▸ Work required: Every line of the material below should be output exactly as written, with the images skipped.

▸ Source material:
<<<<
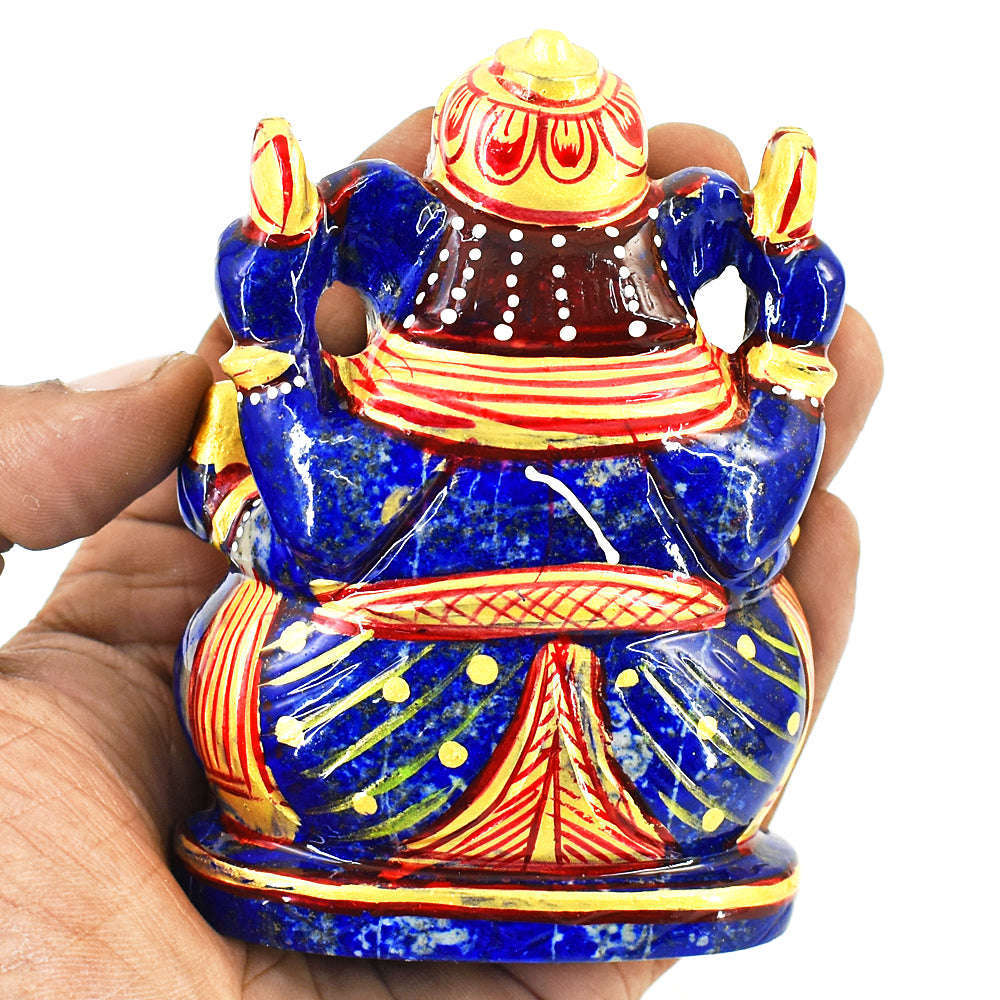 gemsmore:Genuine Lapis Lazuli Enamel Printed  Hand Carved Genuine Crystal Gemstone Carving Lord Ganesha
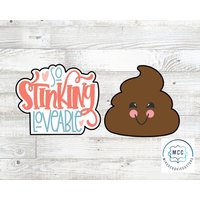 Poop Emoji Oder So Stinkende Liebenswerte Plakette Punny Valentine Ausstechform von MikesCookieCutters
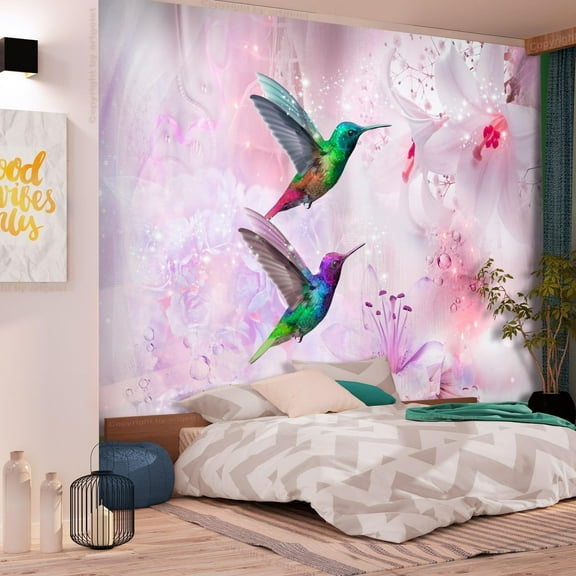 Tiptophomedecor Peel and Stick Animal Wallpaper Wall Mural - Colourful Hummingbirds Purple - Removable Wall Decals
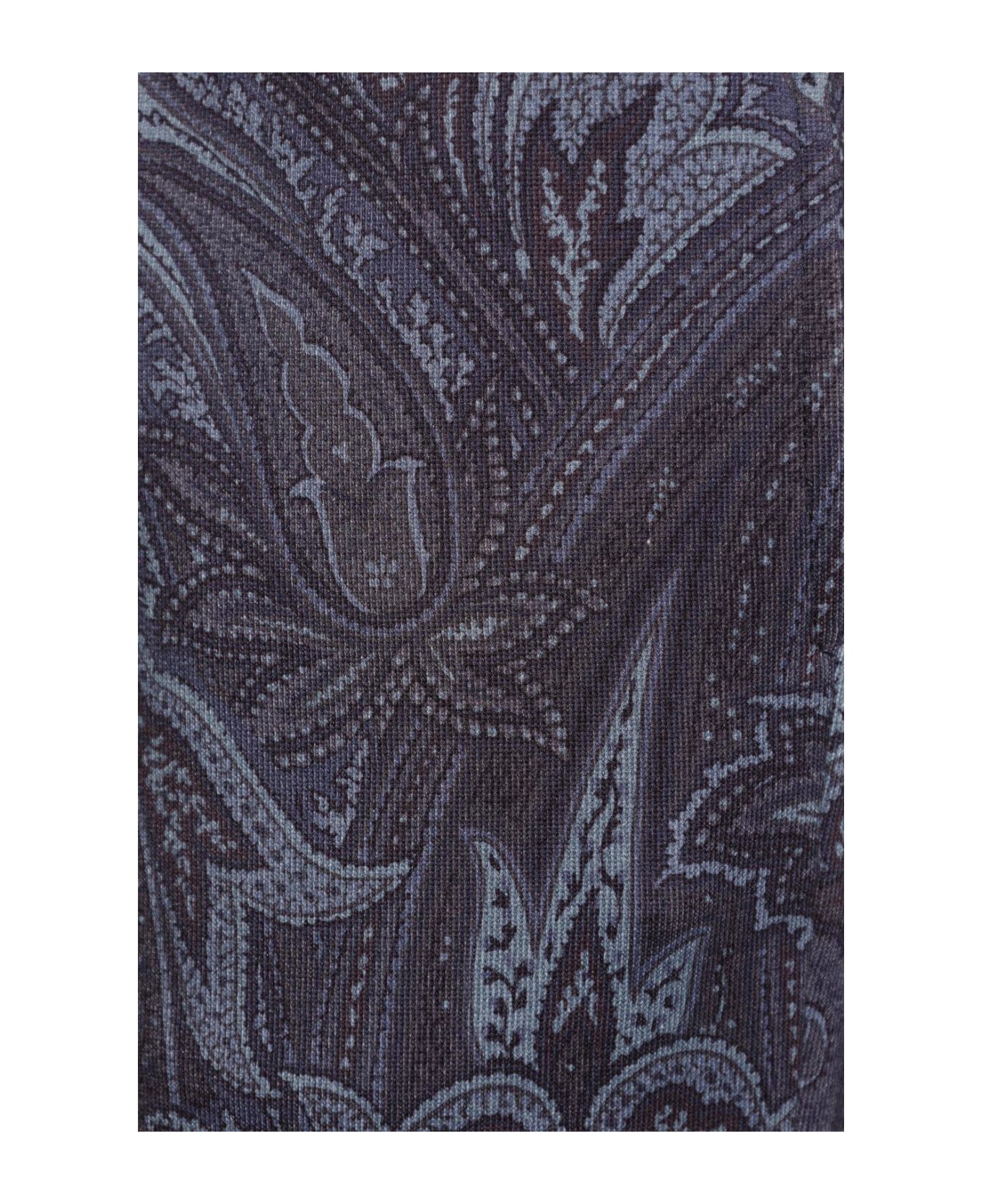 Etro Paisley Print Drawstring Track Pants - Blue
>>>>
▸ Exercise response:
 gemsmore:Genuine Lapis Lazuli Enamel Printed  Hand Carved Genuine Crystal Gemstone Carving Lord Ganesha
 Poop Emoji Oder So Stinkende Liebenswerte Plakette Punny Valentine Ausstechform von MikesCookieCutters
 Tiptophomedecor Peel and Stick Animal Wallpaper Wall Mural - Colourful Hummingbirds Purple - Removable Wall Decals
 Etro Paisley Print Drawstring Track Pants - Blue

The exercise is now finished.